Department of Anesthesiology, West China Hospital, Sichuan University, Chengdu, China.

Abstract

BACKGROUND:

In vivo or in vitro hypoxic preconditioning (HPC) can protect various tissues and cells against subsequent ischemia and/or reperfusion (hypoxia and/or reoxygenation) injury. Total HPC (THPC) in animal models is largely aimed at protecting single organs; however, scant data exist on whole body protection. The present study investigated whether THPC could protect anesthetized rats against the systemic injury induced by hemorrhagic shock and resuscitation (HS/R).

METHODS:

The 4-cycle THPC protocol consisted of 5 min of inhalation hypoxia (fraction of inspired oxygen 10%, N(2) 90% plus oxygen 10%) followed by 10 min of inhalation air (oxygen 21%). An acute HS/R model of anesthetized rats was used. The experiment was divided into two parts of the Severe HS/R and Moderate HS/R, differentiated by a shed blood volume of 60% or 50% (HS/R(60%) or HS/R(50%), respectively) of the total blood volume of rats, respectively.

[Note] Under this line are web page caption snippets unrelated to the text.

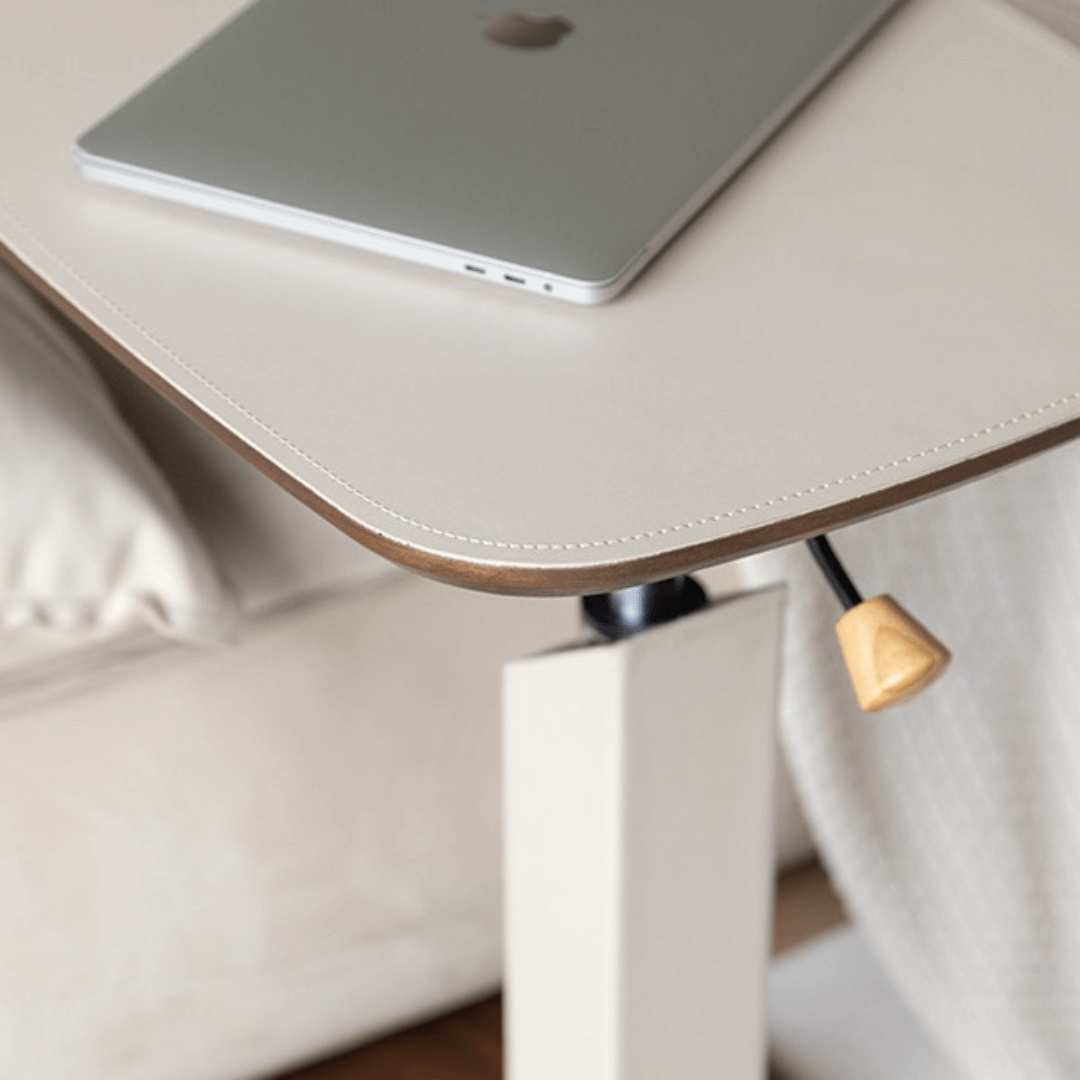 Movable end table in classic beige saddle leather, perfect for cozy living spaces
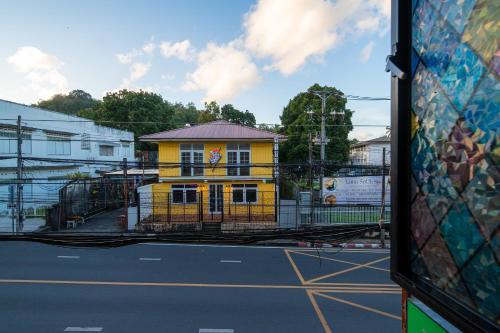 a yellow building on the side of a street at Nyonya Maison Boutique Hotel Phuket Old Town in Phuket Town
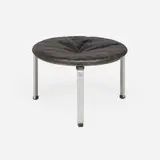 PK33 stool by Poul Kjærholm, 1959, leather upholstery, matte chrome-plated steel, painted wood, plastic, rubber, sold Dec 2025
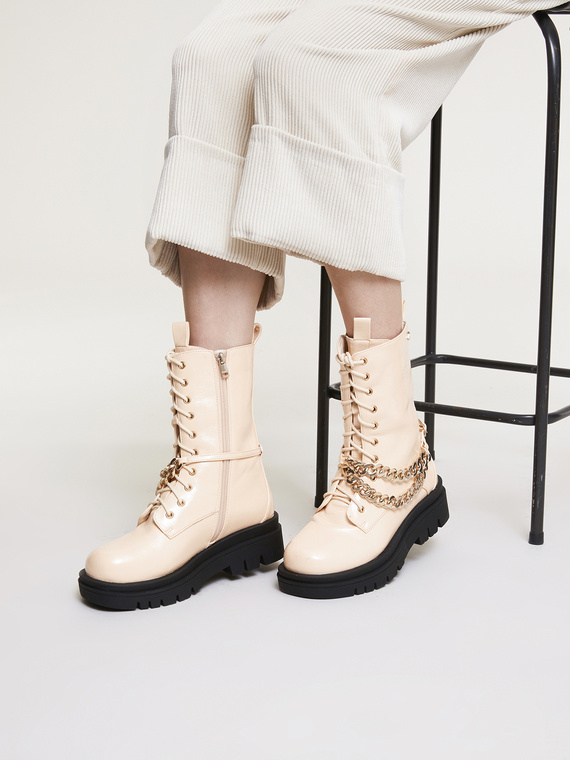 Lace-up combat boots with chains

In the Severe HS/R part, the heart rate, respiration rate, and mean arterial pressure of the rats were measured, and the survival of the rats was observed. We examined the pathomorphologic changes in the vital organs of rats and measured the arterial blood gas, heart rate, respiration rate, and mean arterial pressure of the rats in the Moderate HS/R part.

RESULTS:

THPC did not result in irreversible changes or death in the rats. The rats in the THPC + HS(60%)/R group had a significantly greater survival rate than those in the HS(60%)/R group (59% versus 33%, log-rank test, chi-square = 4.356, P = 0.037). The histopathologic lung score of the rats in the HS(50%)/R group (1.7 ± 0.5) was significantly greater than that in the THPC + HS(50%)/R (1.1 ± 0.6, P = 0.046). The arterial blood gas pH was lower in the HS(50%)/R group than in the THPC + HS(50%)/R group. THPC had a greater influence on the arterial partial pressure of oxygen and carbon dioxide than on bicarbonate radical and base excess. The respiration rate in the THPC + HS/R group was faster than that in the HS/R group. No significant differences in heart rate or mean arterial pressure were seen between the THPC + HS/R and HS/R groups.

CONCLUSIONS:

In anesthetized rats, THPC provided early protection against the subsequent systemic injury caused by hemorrhagic shock following resuscitation. THPC might exert systemic protection by improving the function of vital organs (e.g., lungs and, perhaps, the brain).